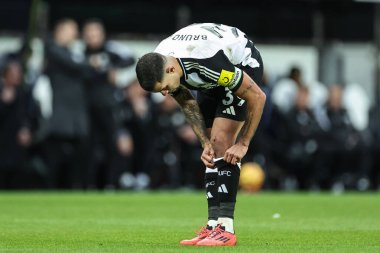 Newcastle United takımından Bruno Guimares, İngiltere 'nin Newcastle şehrinde oynanan Premier League karşılaşmasında çoraplarını yukarı çekti.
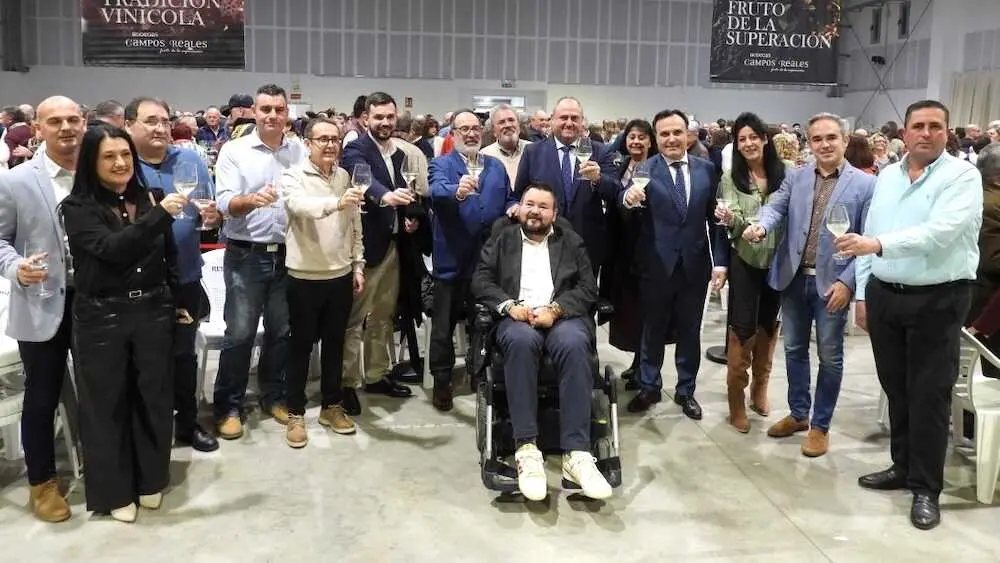 El consejero de Agricultura, Ganader&iacute;a y Desarrollo Rural, Juli&aacute;n Mart&iacute;nez Liz&aacute;n, en la presentaci&oacute;n de las nuevas a&ntilde;adas de Bodegas Campos Reales, cooperativa de El Provencio (Cuenca) que este a&ntilde;o conmemora su 75&ordm; aniversario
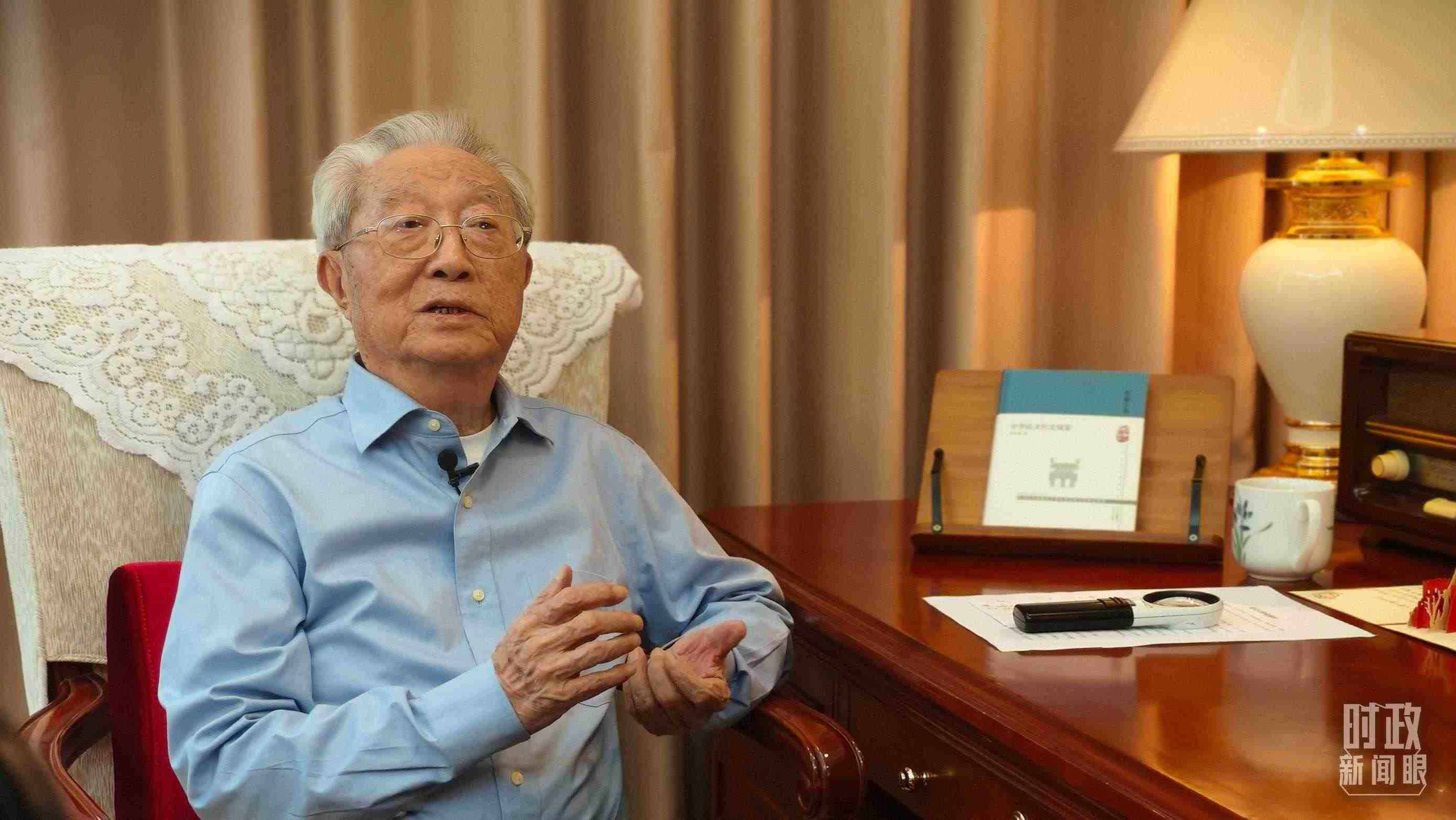 “人民教育家”國家榮譽(yù)稱號(hào)獲得者張晉藩。（總臺(tái)央視記者李立拍攝）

....

Print the material above exactly as it appears, but not its pictures.

> [Solution for this task]
 Newcastle United takımından Bruno Guimares, İngiltere 'nin Newcastle şehrinde oynanan Premier League karşılaşmasında çoraplarını yukarı çekti.
 El consejero de Agricultura, Ganader&iacute;a y Desarrollo Rural, Juli&aacute;n Mart&iacute;nez Liz&aacute;n, en la presentaci&oacute;n de las nuevas a&ntilde;adas de Bodegas Campos Reales, cooperativa de El Provencio (Cuenca) que este a&ntilde;o conmemora su 75&ordm; aniversario
 “人民教育家”國家榮譽(yù)稱號(hào)獲得者張晉藩。（總臺(tái)央視記者李立拍攝）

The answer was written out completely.